In [1]:
#connect to google drive
from google.colab import drive
drive.mount('/content/drive')


Drive already mounted at /content/drive; to attempt to forcibly remount, call drive.mount("/content/drive", force_remount=True).


In [2]:
import os
import torch
import numpy as np
import soundfile as sf

from moviepy.editor import VideoFileClip
from transformers import Wav2Vec2Processor, Wav2Vec2Model

In [3]:
# -------------------------------------------------
# Device configuration
# -------------------------------------------------
DEVICE = "cuda" if torch.cuda.is_available() else "cpu"

In [4]:
# -------------------------------------------------
# Load pretrained Wav2Vec2 model
# -------------------------------------------------
AUDIO_MODEL_NAME = "facebook/wav2vec2-base"
processor = Wav2Vec2Processor.from_pretrained(AUDIO_MODEL_NAME)
model = Wav2Vec2Model.from_pretrained(AUDIO_MODEL_NAME).to(DEVICE)
model.eval()


The secret `HF_TOKEN` does not exist in your Colab secrets.
To authenticate with the Hugging Face Hub, create a token in your settings tab (https://huggingface.co/settings/tokens), set it as secret in your Google Colab and restart your session.
You will be able to reuse this secret in all of your notebooks.
Please note that authentication is recommended but still optional to access public models or datasets.




Wav2Vec2Model(
  (feature_extractor): Wav2Vec2FeatureEncoder(
    (conv_layers): ModuleList(
      (0): Wav2Vec2GroupNormConvLayer(
        (conv): Conv1d(1, 512, kernel_size=(10,), stride=(5,), bias=False)
        (activation): GELUActivation()
        (layer_norm): GroupNorm(512, 512, eps=1e-05, affine=True)
      )
      (1-4): 4 x Wav2Vec2NoLayerNormConvLayer(
        (conv): Conv1d(512, 512, kernel_size=(3,), stride=(2,), bias=False)
        (activation): GELUActivation()
      )
      (5-6): 2 x Wav2Vec2NoLayerNormConvLayer(
        (conv): Conv1d(512, 512, kernel_size=(2,), stride=(2,), bias=False)
        (activation): GELUActivation()
      )
    )
  )
  (feature_projection): Wav2Vec2FeatureProjection(
    (layer_norm): LayerNorm((512,), eps=1e-05, elementwise_affine=True)
    (projection): Linear(in_features=512, out_features=768, bias=True)
    (dropout): Dropout(p=0.1, inplace=False)
  )
  (encoder): Wav2Vec2Encoder(
    (pos_conv_embed): Wav2Vec2PositionalConvEmbedding(
  

In [5]:
# -------------------------------------------------
# Extract audio from MP4 using MoviePy
# -------------------------------------------------
def extract_audio_mp4_to_wav(mp4_path, wav_path):
    """
    Extracts audio from an MP4 file and saves it as a 16kHz mono WAV file.

    """
    video = VideoFileClip(mp4_path)

    if video.audio is None:
        video.close()
        raise ValueError(f"No audio stream found in {mp4_path}")

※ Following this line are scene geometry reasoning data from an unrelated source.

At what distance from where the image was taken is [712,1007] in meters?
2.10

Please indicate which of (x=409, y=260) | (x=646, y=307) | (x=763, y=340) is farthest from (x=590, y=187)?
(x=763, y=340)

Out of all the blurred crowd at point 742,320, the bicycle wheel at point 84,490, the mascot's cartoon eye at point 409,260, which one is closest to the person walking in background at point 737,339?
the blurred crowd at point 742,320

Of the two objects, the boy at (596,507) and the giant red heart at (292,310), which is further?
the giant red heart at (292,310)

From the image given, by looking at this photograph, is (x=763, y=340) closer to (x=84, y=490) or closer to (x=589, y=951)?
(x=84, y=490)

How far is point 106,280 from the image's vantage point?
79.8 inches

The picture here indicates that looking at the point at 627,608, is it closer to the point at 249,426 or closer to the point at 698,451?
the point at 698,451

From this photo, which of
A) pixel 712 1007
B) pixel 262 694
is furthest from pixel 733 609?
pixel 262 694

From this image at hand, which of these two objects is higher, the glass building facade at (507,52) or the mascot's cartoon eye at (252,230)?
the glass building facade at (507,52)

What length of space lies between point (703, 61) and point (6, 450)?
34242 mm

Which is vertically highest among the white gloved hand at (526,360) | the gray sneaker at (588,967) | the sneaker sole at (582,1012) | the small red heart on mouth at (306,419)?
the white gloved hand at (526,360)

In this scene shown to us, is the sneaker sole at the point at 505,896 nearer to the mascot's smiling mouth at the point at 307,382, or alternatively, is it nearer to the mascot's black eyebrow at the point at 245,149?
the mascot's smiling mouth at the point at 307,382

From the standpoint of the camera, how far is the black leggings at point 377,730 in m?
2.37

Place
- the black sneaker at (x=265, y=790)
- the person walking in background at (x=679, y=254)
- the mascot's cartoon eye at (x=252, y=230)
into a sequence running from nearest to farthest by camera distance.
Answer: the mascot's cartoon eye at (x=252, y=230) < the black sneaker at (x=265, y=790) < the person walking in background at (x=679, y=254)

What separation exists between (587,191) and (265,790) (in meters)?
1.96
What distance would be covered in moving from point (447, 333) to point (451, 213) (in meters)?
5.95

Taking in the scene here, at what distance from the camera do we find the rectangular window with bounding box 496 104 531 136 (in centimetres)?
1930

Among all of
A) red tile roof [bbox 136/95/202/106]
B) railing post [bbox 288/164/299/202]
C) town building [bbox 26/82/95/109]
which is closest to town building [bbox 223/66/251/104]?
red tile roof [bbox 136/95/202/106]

    video.audio.write_audiofile(
        wav_path,
        fps=16000,
        nbytes=2,
        codec="pcm_s16le",
        logger=None
    )

    video.close()


In [6]:
AUDIO_FEATURE_PATH = "/content/drive/MyDrive/Dissertion/Data/Features/audio"
if not os.path.exists(AUDIO_FEATURE_PATH):
    os.makedirs(AUDIO_FEATURE_PATH)
# -------------------------------------------------
# Audio embedding extraction + saving
# -------------------------------------------------
@torch.no_grad()
def extract_and_save_audio_embedding_from_mp4(
    video_path,
    save_dir=AUDIO_FEATURE_PATH,
    temp_wav_dir="_temp_wav"
):
    os.makedirs(save_dir, exist_ok=True)
    os.makedirs(temp_wav_dir, exist_ok=True)

    video_name = os.path.splitext(os.path.basename(video_path))[0]
    temp_wav_path = os.path.join(temp_wav_dir, f"{video_name}.wav")

    # 1. Extract WAV from MP4
    extract_audio_mp4_to_wav(video_path, temp_wav_path)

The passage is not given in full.